Tokenized real-world assets (RWA) are expected to reach $50 billion to $60 billion in 2026, according to a report from blockchain oracle platform RedStone.
The market has already grown from $5 billion at the end of 2023 to more than $35 billion today, with financial institutions increasingly interested in on-chain private credit, tokenized U.S. Treasuries, and tokenized equities. Private credit is currently the largest category at around $19 billion and is expected to account for around 45-50% of the RWA market next year, according to the report.
However, tokenized stocks are expected to grow the fastest, with growth of 200-300% expected after US regulatory rules become clearer in mid-2026. Strong growth is also expected in the current $8.4 billion of tokenized U.S. Treasuries, including BlackRock’s $2.5 billion BUIDL fund.
Still, RedStone analysts emphasized that this growth depends on reliable infrastructure.

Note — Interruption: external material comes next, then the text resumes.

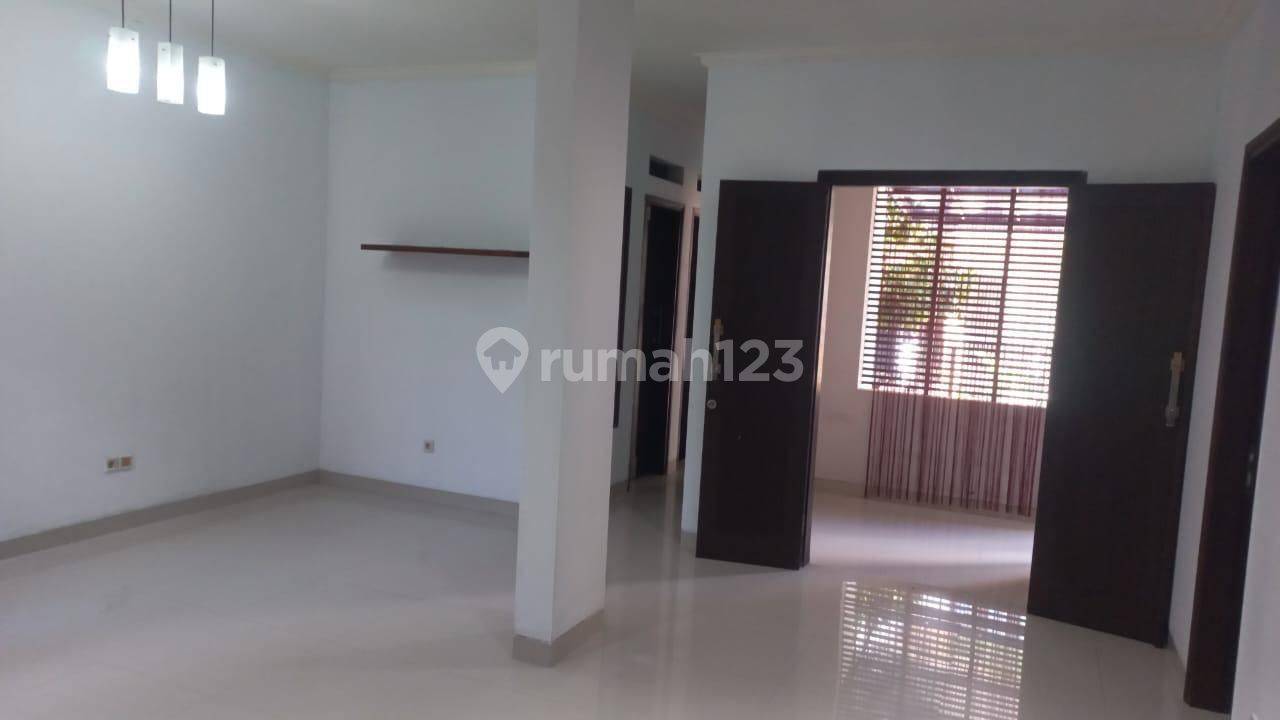 Spacious 4+1 Bedroom House in Renon, Denpasar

“Tokenization of RWA creates unprecedented data challenges. Traditional cryptocurrency price feeds are updated every few seconds based on liquid DEX markets and CEX order books,” says the report, authored by RedStone co-founder Marcin Kazmierczak. “Tokenized private credit requires NAV calculations for illiquid assets, illiquidity adjustments, third-party valuation verification, and compliance-grade audit trails.”
Other predictions
RedStone also predicts that AI agents will become the primary users of on-chain data by 2026, with the AI agent market reaching more than $15 billion.

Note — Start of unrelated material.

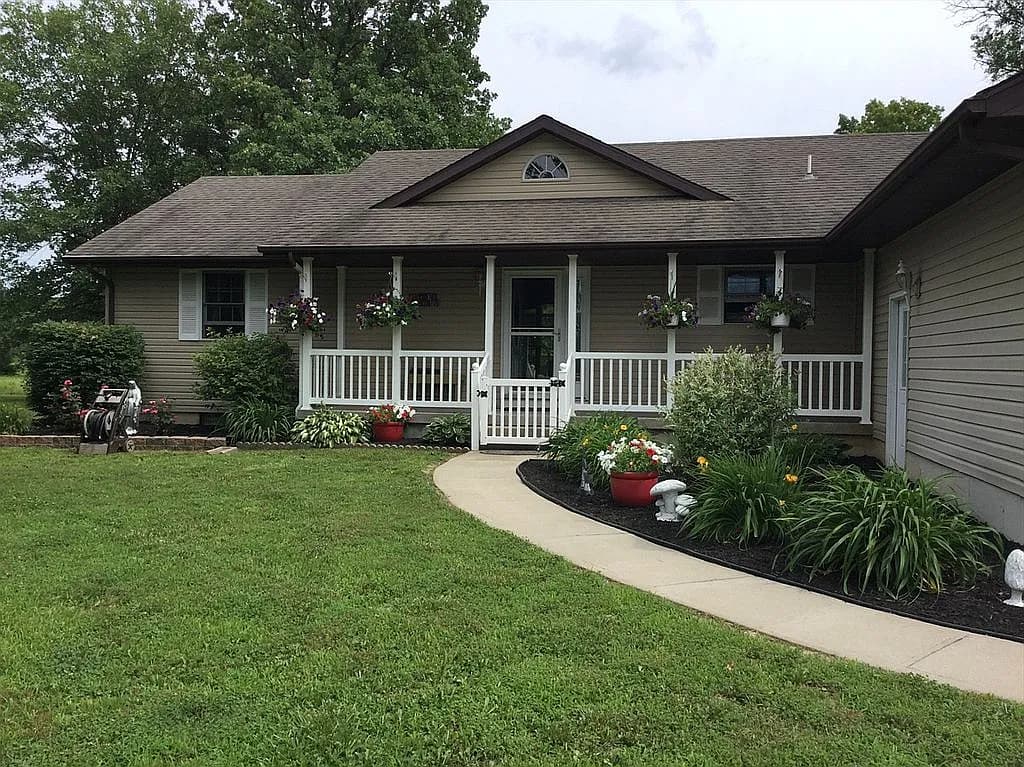 5360 NE 651st Rd — exterior photo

“AI agents do not sleep, do not panic, and work across dozens of chains simultaneously,” Kazmierczak wrote. “They need sub-millisecond latencies, multi-chain data availability, confidence intervals for advanced risk management, and most importantly, zero mispricing tolerance.”
Furthermore, the total amount locked in decentralized finance (DeFi) is expected to increase from $124 billion currently to $150 billion to $200 billion in 2026, but only platforms with strong oracles and risk oversight will attract institutional capital, the report notes.
RedStone says the success of any protocol will depend on the quality of the infrastructure. The company cited the Oct. 10 flash crash, in which $20 billion was liquidated in 24 hours, to illustrate how vulnerable some of its systems are.